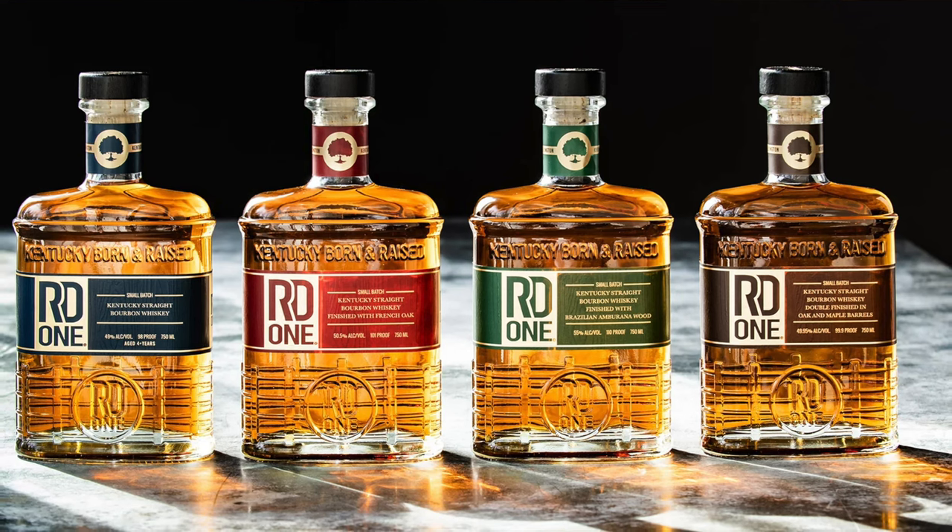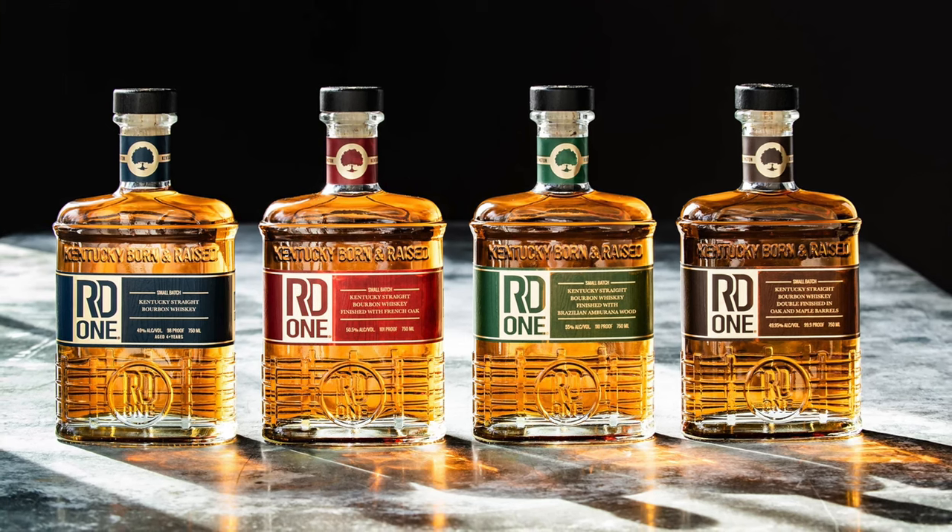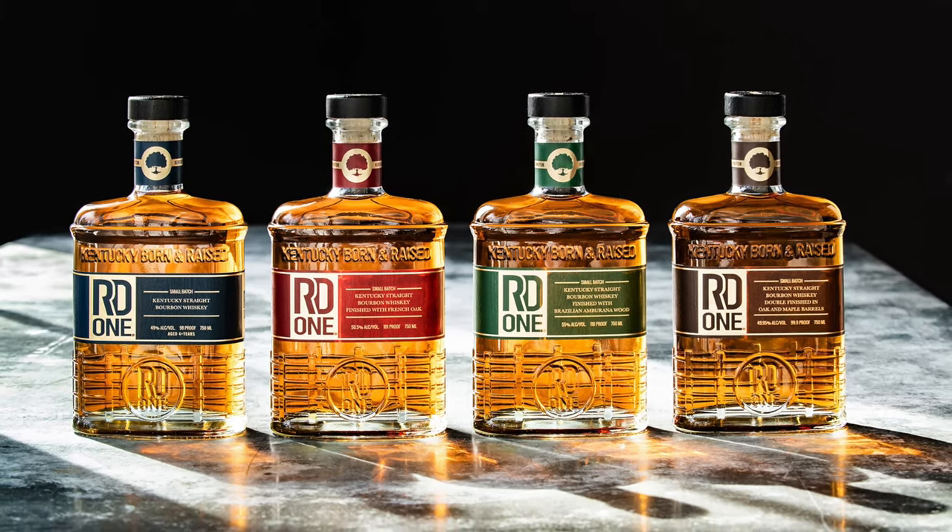They began back in 2020, revamping the brand. RD1 now has about a handful of different products. They started with a regular small batch, with a mash bill of 70% corn, 21% rye — a pretty decent rye quantity — and 9% malted barley, aged at least four years. They've also done a couple of finishes: an Amberana finish and this maple-finished bourbon. This one comes in around $60 to $65, so for a finished bourbon, not too bad. Nice presentation overall — the brown label really matches the maple syrup finish you're expecting.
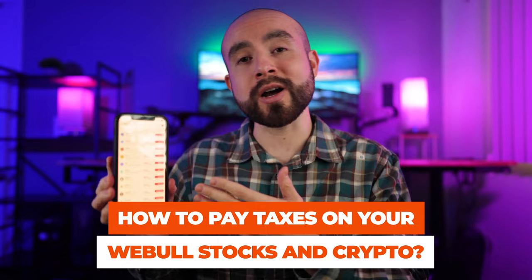For trading stocks and crypto, Webull's commission-free trading structure is probably a big draw for you. Unfortunately, the IRS doesn't feel the same way. While we can trade without commission fees on Webull, Uncle Sam still wants his cut of the profits. So if you're wondering how to pay taxes on your Webull stocks and crypto, I'm going to help walk you through everything you need to know.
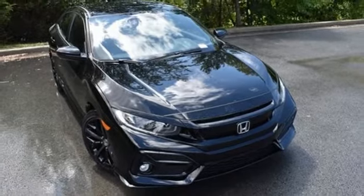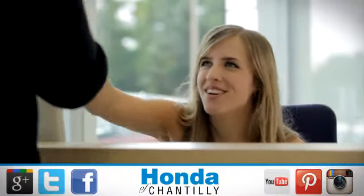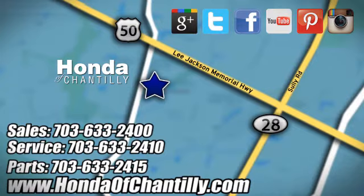Hurry in today for a test drive. Honda of Chantilly. We're conveniently located just south of Dulles Airport at 4175 Stonecroft Boulevard in Chantilly.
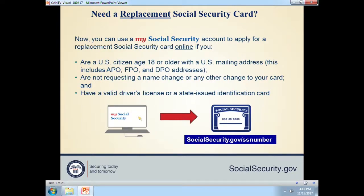Using your My Social Security account, you can get a replacement Social Security card online as long as you've established an account on our website. Requirements include: you must be a United States citizen age 18 or older with a U.S. mailing address — including APO, FPO, and DPO addresses — you are not requesting a name change or any other change to your card, and you have a valid driver's license or a state-issued identification card.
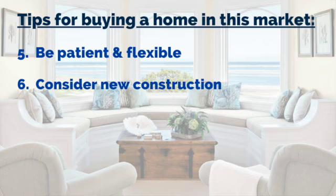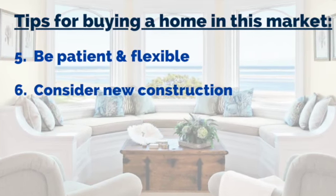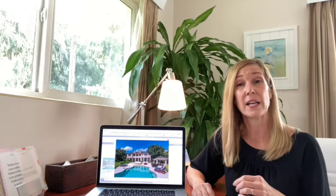Number six: consider new construction, especially half-built homes. They'll be called move-in ready, spec, or inventory homes.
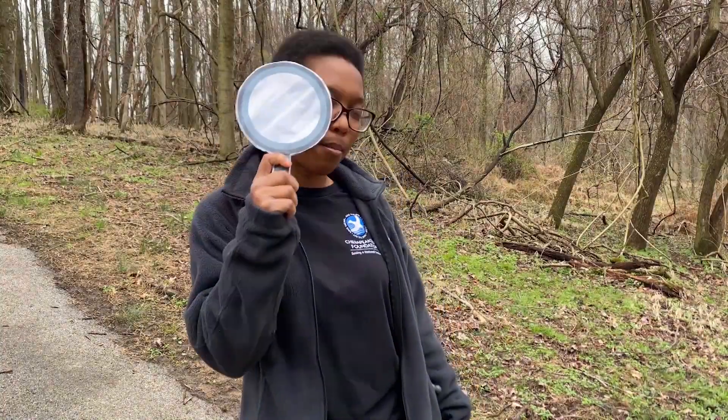Hey friends. Welcome to our neighborhood nutrient hunt. We're going to go look around for different sources of nutrients in our local neighborhood. I'm right now in the backyard and the woods. I'm going to check and see if I can find any different sources of nutrients. And I have my handy dandy magnifying glass to help me scope out some sources. Come along, let's go.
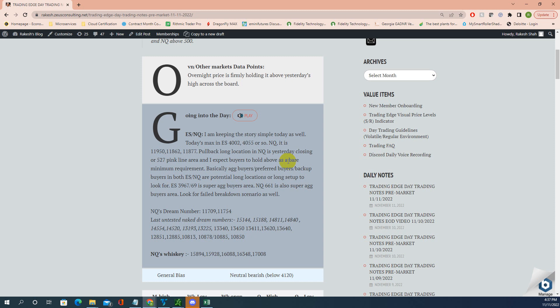NQ targets are 862 and 877 — that's 11777, so there was a typing mistake. Pullback long location in NQ is yesterday's closing area, or the 527 pink line area, which was our preferred buyer's area — basically 555, 575 to 525. That area is listed in the chart as the preferred buyer's area, and I expect buyers to hold above it as a bare minimum requirement. Aggressive buyers, preferred buyers, backup buyers — that is the potential long location. These are the super aggressive areas. Look for a failed breakdown scenario as well. 754 and 709 are the dream numbers — very powerful numbers.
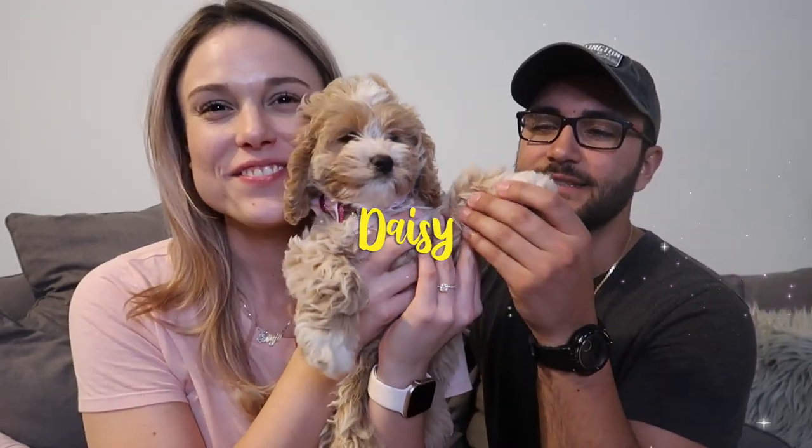Welcome back to my channel. So today Mario and I did a thing — a bad thing. No, we did a good thing. We are officially parents. But don't freak out. Look at this little baby girl. Meet Daisy — Princess Daisy.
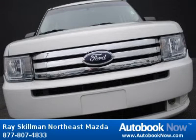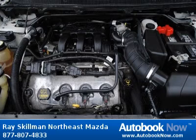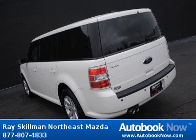Features include a 3.5-liter V6 dual-overhead camshaft engine, 4 doors, 4-wheel anti-lock brakes, and much more. Visit autobooknow.com for more details. Thank you.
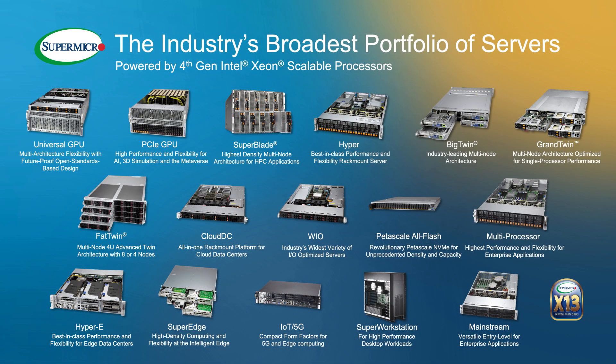Supermicro has a wide range of servers. It's well known that Supermicro offers a wide variety of product solutions. We have some of the broadest portfolios when it comes to server lines. We always integrate the latest tech trends as well as pushing the bar when it comes to innovation in server products.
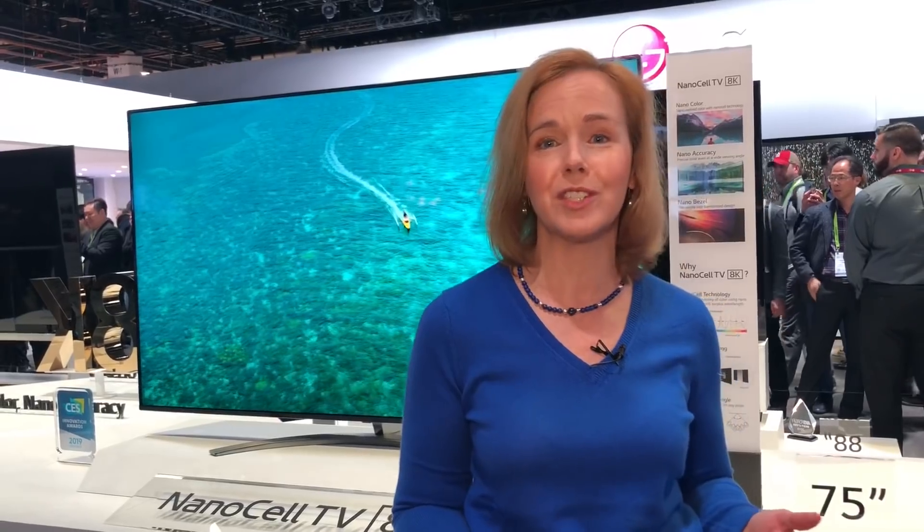Hi, I'm Suzanne Cantra with Techlicious and I'm here at CES 2019. I'm in the LG booth and one thing that people get confused about is all of the different TV technologies. If you understand a couple of basics, it's going to really help you pick out the right TV for you when you're ready to purchase. So one of the big things is what type of display should you be looking for.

**What to work on:**
Could the lines from the top of the material through the line with "For trading stocks" be repeated exactly, pictures left out?

**Response below:**
They began back in 2020, revamping the brand. RD1 now has about a handful of different products. They started with a regular small batch, with a mash bill of 70% corn, 21% rye — a pretty decent rye quantity — and 9% malted barley, aged at least four years. They've also done a couple of finishes: an Amberana finish and this maple-finished bourbon. This one comes in around $60 to $65, so for a finished bourbon, not too bad. Nice presentation overall — the brown label really matches the maple syrup finish you're expecting.
For trading stocks and crypto, Webull's commission-free trading structure is probably a big draw for you. Unfortunately, the IRS doesn't feel the same way. While we can trade without commission fees on Webull, Uncle Sam still wants his cut of the profits. So if you're wondering how to pay taxes on your Webull stocks and crypto, I'm going to help walk you through everything you need to know.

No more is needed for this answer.